The Queer Search For Meaning

The scientific-sociological categories assigned to gender-fluid and same-sex attracted people from the late 19th century didn't sit well with some gay folk of the time. The term homosexual was coined by Hungarian writer Karl Maria Benkert, in correspondence in Germany with Karl Heinrich Ulrichs, the most prominent gay rights campaigner of the time. Use of 'homosexual' in his book Psychopathia Sexualis, by Richard von Krafft-Ebing (1886) led to it becoming the standard term. 

Ulrichs, however, preferred a more mystical name - Urning, which became Uranian in English, a reference to Greek Goddess Aphrodite Urania, who is named as the patron of same sex love in Plato's Symposium.
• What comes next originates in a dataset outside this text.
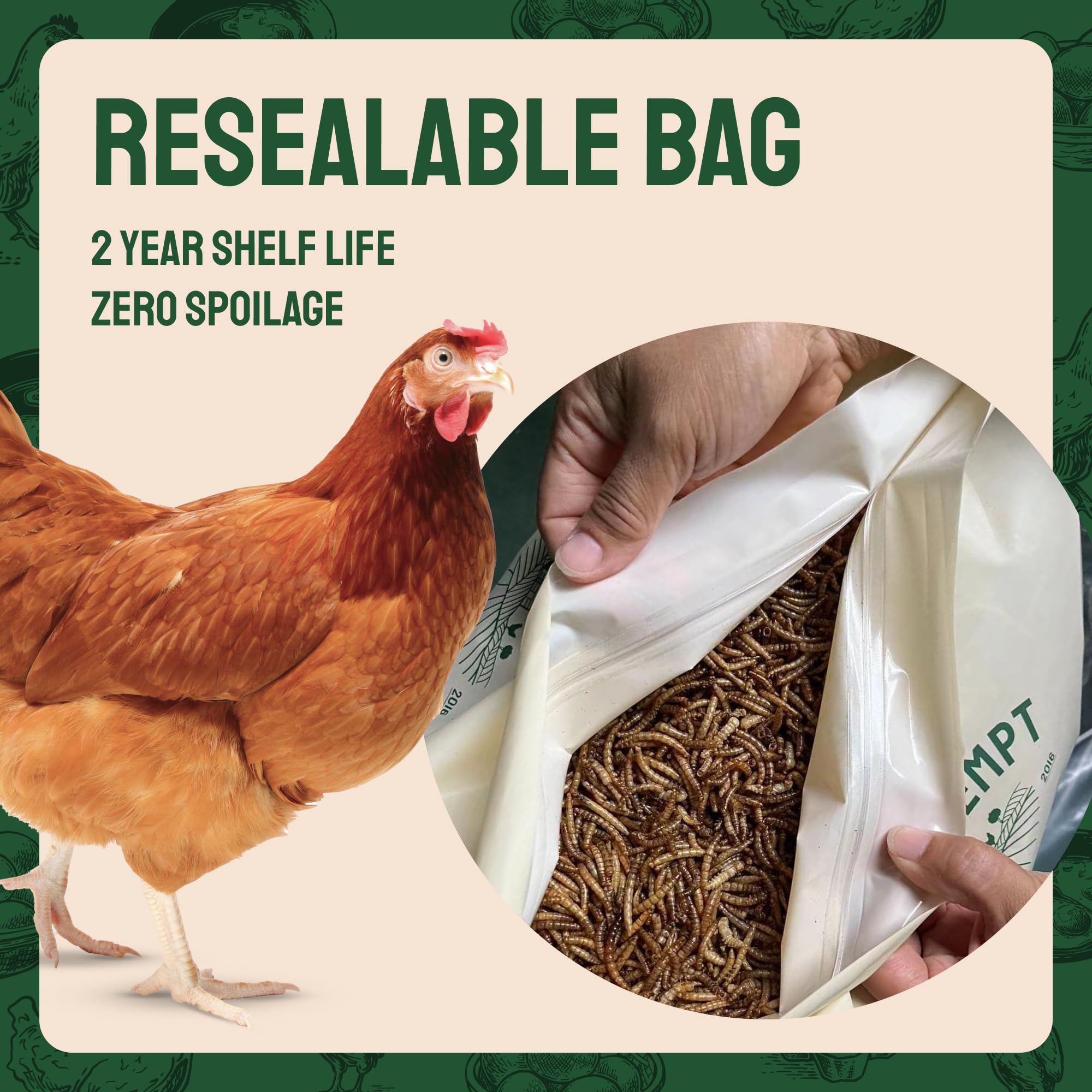 Hatortempt dried mealworms storage-bag underlines easy, cool-dry storage for long freshness.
The planet Uranus had only recently been discovered, and given the name of the God of Heaven who was castrated and usurped by his son Chronus (Saturn)– the testicles of Uranus merging with the ocean to give birth to the goddess of love, Aphrodite. Edward Carpenter and other British intellectuals adopted Uranian because their personal experience of their own nature was that is was less about 'sexuality' than it was about LOVE. Oscar Wilde wrote in a letter in 1898: “To have altered my life would have been to have admitted that Uranian love is ignoble. I hold it to be noble—more noble than other forms.”  In North America the Calamus poems of Walt Whitman simply celebrated 'the manly love of comrades.'

Sapphic and lesbian became common terms for love between women from the 1730s, at a time when gay men were mostly called sodomites, though gay men themselves used other words including mollies and ganymedes, both terms with roots in the ancient Greek and Roman empires, where same sex love was held in much higher regard. Tribadism is an ancient term for female same sex love, and was still in frequent use until lesbian became the norm in the 19th century. There is nothing new about gay or queer identities, but the effort to define the 'purpose' of them is a modern obsession, felt strongly by those of us who wish to overturn the centuries of lies and hatred.
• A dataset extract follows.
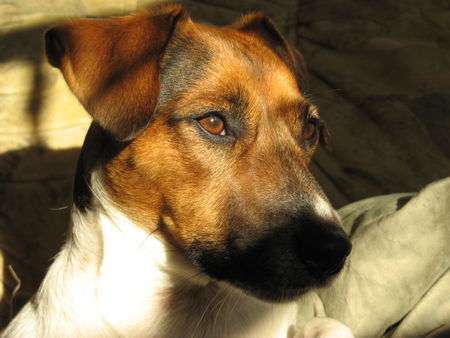 Jack-Russell-Terrier Hunde Foto 36635 in höherer Auflösung ansehen Jack-Russell-Terrier Bin ich nicht schön ??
Other terms floating around in the early 20th century for queers included 'intermediate types' or 'inverts,' but from the 1890s at least there were gay men in cities such as New York preferring to call themselves 'faeries,' as George Chauncey has documented in Gay New York: Gender, Culture, and the Making of the Gay Male World, 1890–1940. Chauncey says that many effeminate men embraced the fairy identity because “it embodied a way of understanding how they, as men, could have feelings their culture ascribed exclusively to women.”  Same-sex love was sometimes called adhesive love, Wilde called it 'the love that dare not speak its name', which perhaps inspired John Henry Mackay, son of a Scottish marine insurance broker and a German mother, to title his work appealing for gay emancipation, published in Germany in 1913 under the pseudonym Sagitta, 'The Books of Nameless Love.' 


Edward Carpenter believed that once gay people were free to love without fear or judgement, they would become teachers of love and consciousness: “This interaction in fact between the masculine and the feminine, this mutual illumination of logic and meditation, may not only raise and increase the power of each of these faculties, but it may give the mind a new quality, and a new power of perception corresponding to the blending of subject and object in consciousness. It may possibly lead to the development of that third order of perception which has been called the cosmic consciousness and which may also be termed divination.” Intermediate types among primitive folks, 1913

In Gay Men of Wisdom: A Group Centered Approach to Helping Gay Men Value Their Distinct Gifts (2018), Raymond L. Rigoglioso writes: 
“For more than a century, there has been a tradition among gay men of exploring the meaning and purpose of being gay." This tradition involves an extensive literature, dating back to Edward Carpenter’s seminal 1908 book The Intermediate Sex, Donald Webster Cory’s The Homosexual in America in 1951, and Mark Thompson’s (1987, 1994, 1997) influential trilogy Gay Spirit, Gay Soul, and Gay Body....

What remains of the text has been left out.